I’ve never been an athlete. I’ve never been much interested in sports, ever since I stopped playing touchfootball with the boys, when I hit puberty. I’ve tried tennis. I hit the ball too high, too long, and way over into left field.
I’ve tried softball. Thank goodness that ball is “soft” and big, because it felt just awful when it hit me in the eye. I tried running, but I couldn’t get anyone to chase me. I tried swimming, but even though I float like a cork, and have had numerous lessons, I can’t seem to get over the idea, that I’m really going to drown. Finally, I settled on walking, and for a number of years, I walked 3 to 5 miles a day. I realize there is an Olympic sport referred to as “walking,” but when I tried that, all I succeeded in doing was throwing my hip out.
I’m definitely NOT an athlete, but I make do, especially in my “mid-life” years. Which brings a question to my mind. When did I hit mid-life? I remember when I hit thirty. I had to visit a grief counselor, because I knew my life was over. I remember forty. I had to see a grief counselor, the day after my first child graduated from high-school and moved out of the house, because I knew my life was over. I remember forty-four.
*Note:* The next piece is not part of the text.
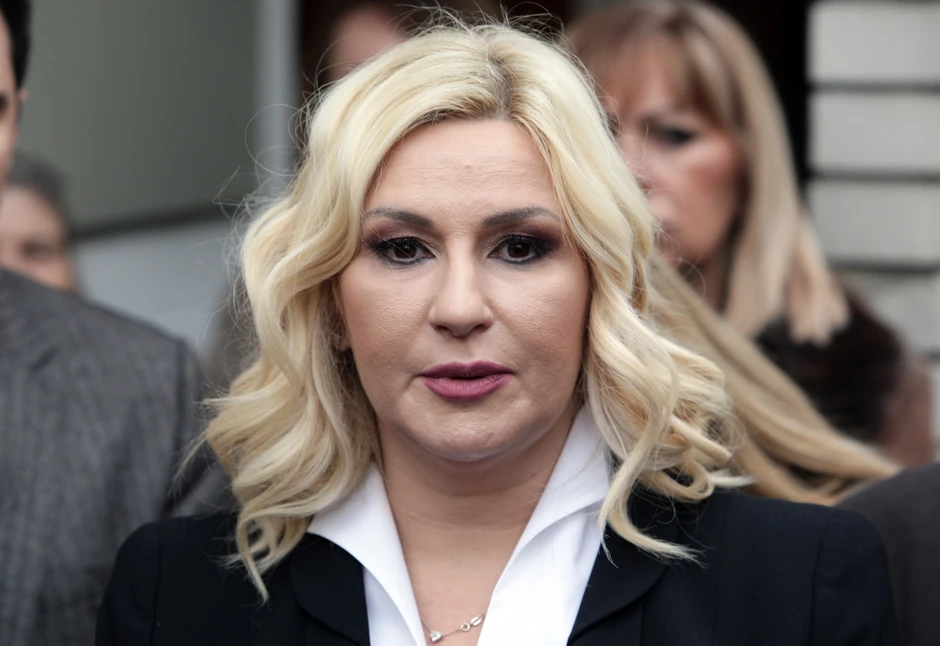 Zorana Mihajlović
For some reason I thought my life was over. Then I hit fifty, and I was all excited, because I was able to join an organization called AARP. My husband was, especially, excited because he is younger than I, and he got to join, too!
Fifty became the magic age. I knew that as long as I was in good health, in this day and age, I probably had a good fifty years ahead of me. Then came the asthma. O.K., I had that much earlier, but it only became life threatening after fifty. Then came the firbromyalgia. O.K., I had THAT earlier, but it’s not life threatening. Then came the arthritis, and, more recently, at fifty-five, came the diabetes.